**AIM OF THE TASK**
In duplicating the lines below, keep every word unchanged and drop the pictures.

---------- INFORMATION PROVIDED

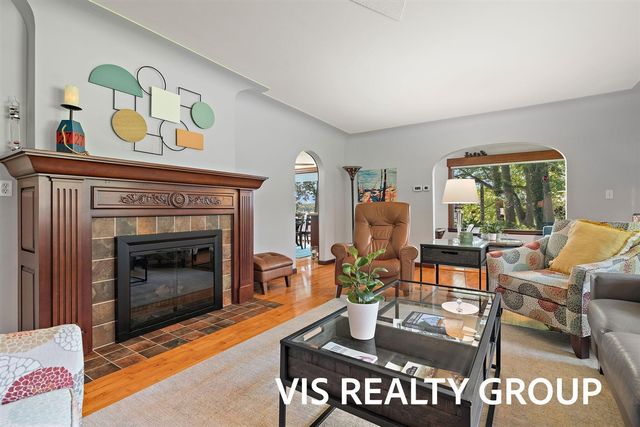 15085 Mercury Drive, Grand Haven, MI 49417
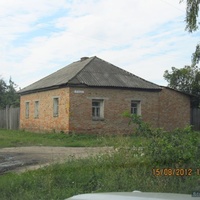 Старый кирпичный дом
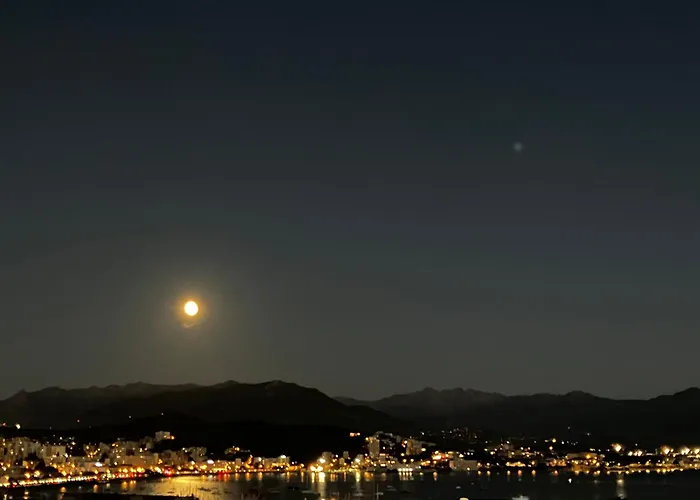 Tres Bel Avec Terrasse De 87m2 Avec Superbe Vue Panoramique Sur La Baie D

--------------------

**EXERCISE OUTPUT**
 15085 Mercury Drive, Grand Haven, MI 49417
 Старый кирпичный дом
 Tres Bel Avec Terrasse De 87m2 Avec Superbe Vue Panoramique Sur La Baie D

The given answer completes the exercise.